Chengappa packed a lot into his talk. He also touched on several current trends. Here are two:

Personalized Agents – “Lately is that we are seeing highly personalized agents in the enterprise. They have email IDs. They have Teams IDs. You can talk to them just like you would any other colleague. You could give them tasks.”
Trust – “We look at trust in many different levels: human to agent, agent to tool, agent to LLM index. When I say trust, you know, people no longer have any doubts the fact that LLMs are going to do something, but they’re not questioning competence. But it’s important to understand what the elements’ motivations are, what the agent is actually doing.”

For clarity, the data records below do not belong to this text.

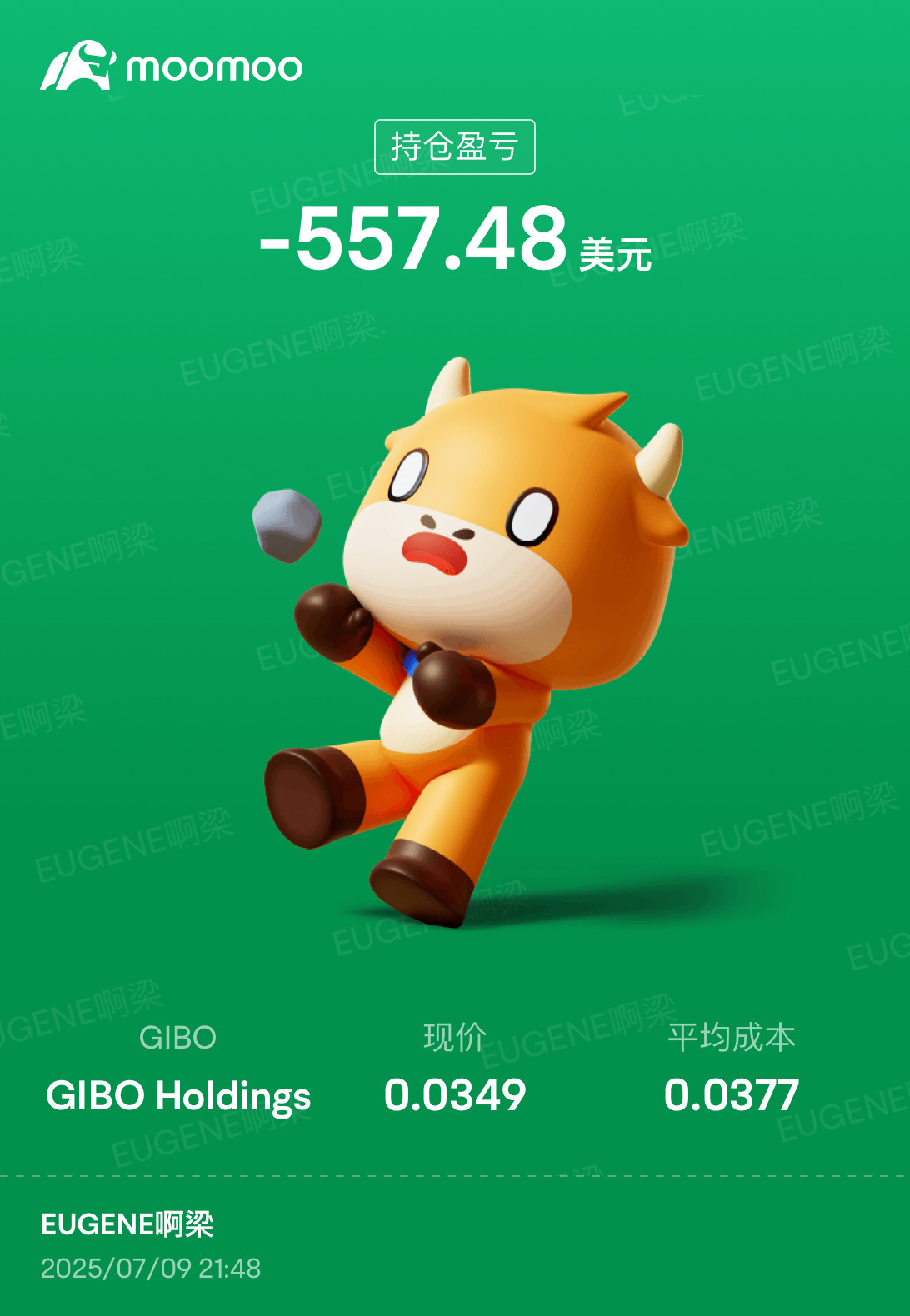 $GIBO Holdings (GIBO.US)$ 一买就进套，他妈的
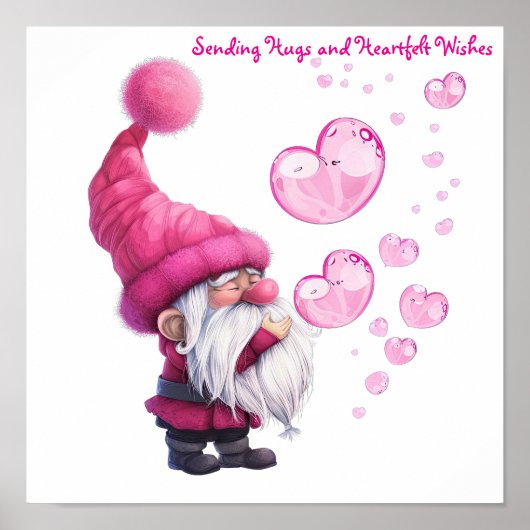 Poster Sweet Valentine Gnome avec bulles cardiaques flott (Devant)
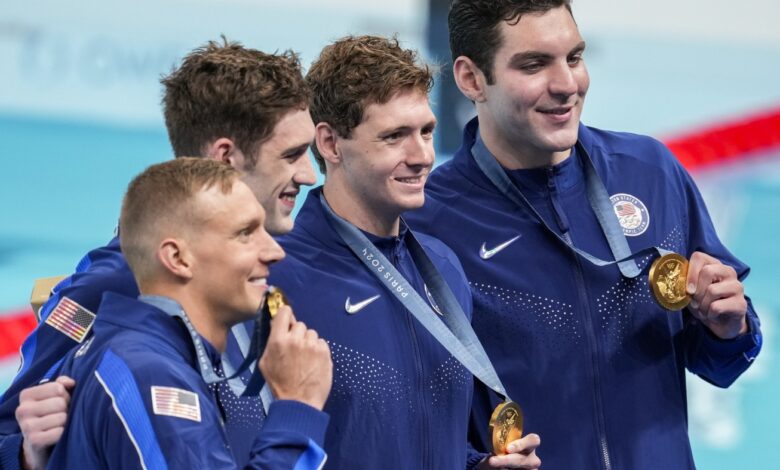 U.S. Swimming Team Wins First Gold Medal in Paris in Men's Relay Final: NPR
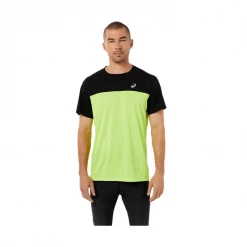 Camiseta Asics Race SS TOP Manga Corta Amarillo Negro SS22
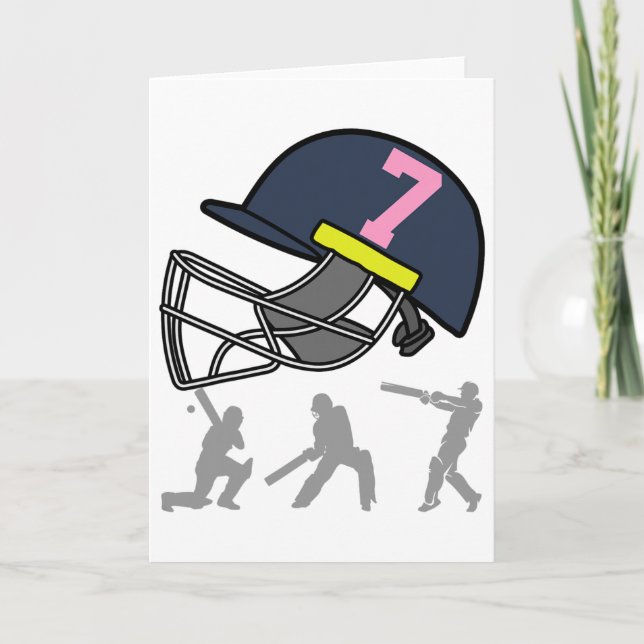 Cartão Fun 7th Birthday Cricket Player Boys Kids 7 Year O (Frente)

Perhaps surprisingly, Chengappa concluded with a caution:

“Closing thoughts? Agents are going to be everywhere. They are going to be pervasive. They are going to take over all our jobs, not just yet. It’s going to happen over a period of time. And so in every previous instance where there’s been such disruption, we’ve been able to figure out what we as human beings are going to do next. I know everybody’s excited about everything that TPC is going to do, and all the wonderful things that agents in the LLMs and generative AI are going to do, but I do think the unsolved problem is, where do we all end up in an agentic world? I think that TPC should pay some attention to that as well as the societal impacts, the political structure.”

Teaching Language Agents to Think Like Scientists

It’s one thing to ask AI a question. It’s another to ask it to think like a scientist, plan an experiment, and tell you what to test next. That’s the kind of system Dr. Siddharth Narayanan is working on. At TPC 2025, he shared how language model agents are beginning to take on complex scientific tasks like analyzing data, reviewing papers, and designing drug candidates.

Dr. Narayanan is a physicist and researcher at FutureHouse, an independent nonprofit research organization focused on automating scientific discovery. His background spans particle physics and machine learning, with past work on dark matter and protein design. Today, his focus is on building AI systems that extend scientific reasoning and help researchers work more efficiently.

Keeping up with science today feels harder than ever. There’s more data, more tools, and more papers coming out than most researchers can reasonably stay on top of. Dr. Narayanan acknowledged this pressure, noting that “the volume of information is so large” and the way science is conducted has become “more complex as well.”

Rather than trying to simplify the field, he sees AI as a way to help researchers keep pace. With the right design, language model agents could act as collaborators who read papers, generate ideas, and help scientists scale their thinking.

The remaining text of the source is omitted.